Requirement: What you give back must match the data exactly, minus the pictures.

Data excerpts:
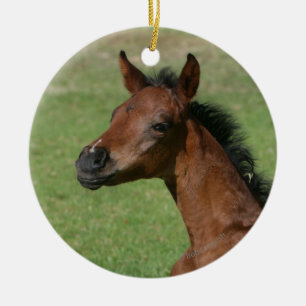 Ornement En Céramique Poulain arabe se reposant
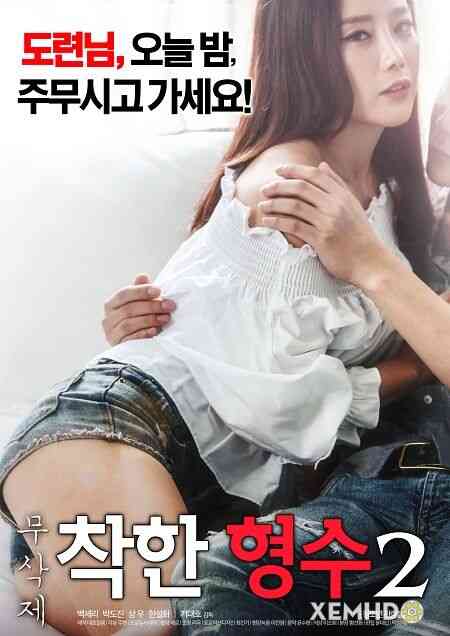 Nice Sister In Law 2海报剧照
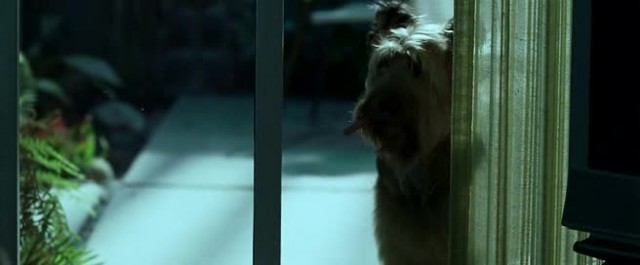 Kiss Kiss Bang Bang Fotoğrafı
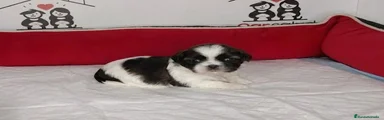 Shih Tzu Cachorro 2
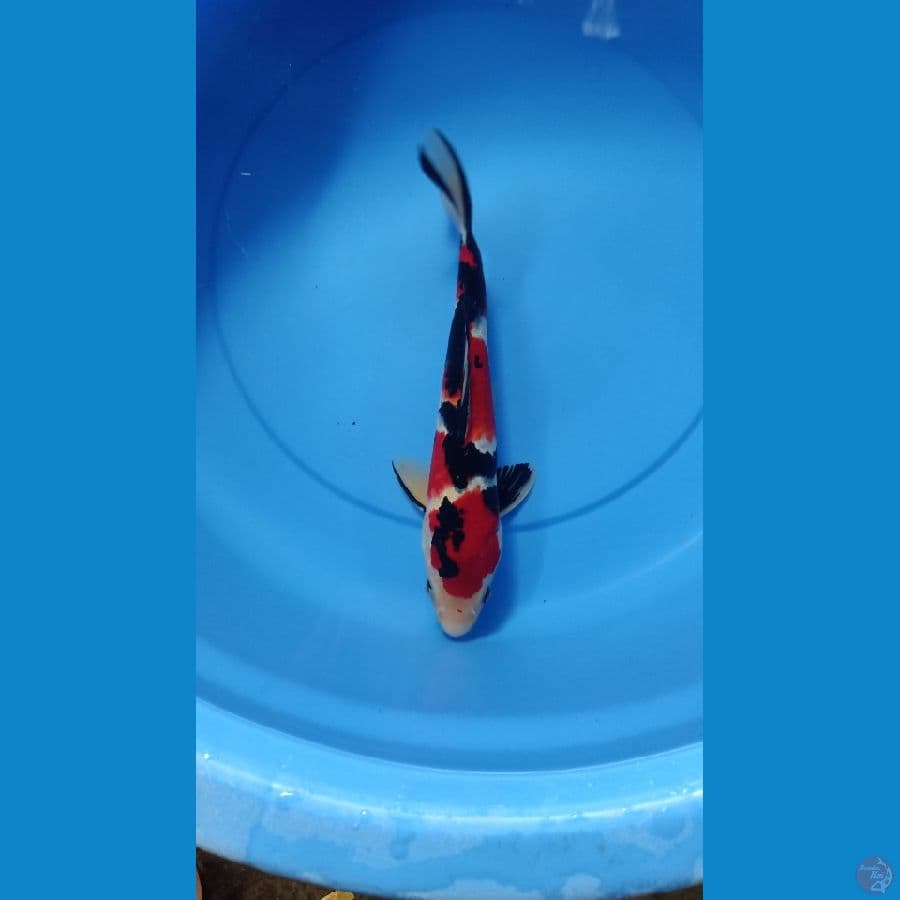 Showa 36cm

Exercise response:
 Ornement En Céramique Poulain arabe se reposant
 Nice Sister In Law 2海报剧照
 Kiss Kiss Bang Bang Fotoğrafı
 Shih Tzu Cachorro 2
 Showa 36cm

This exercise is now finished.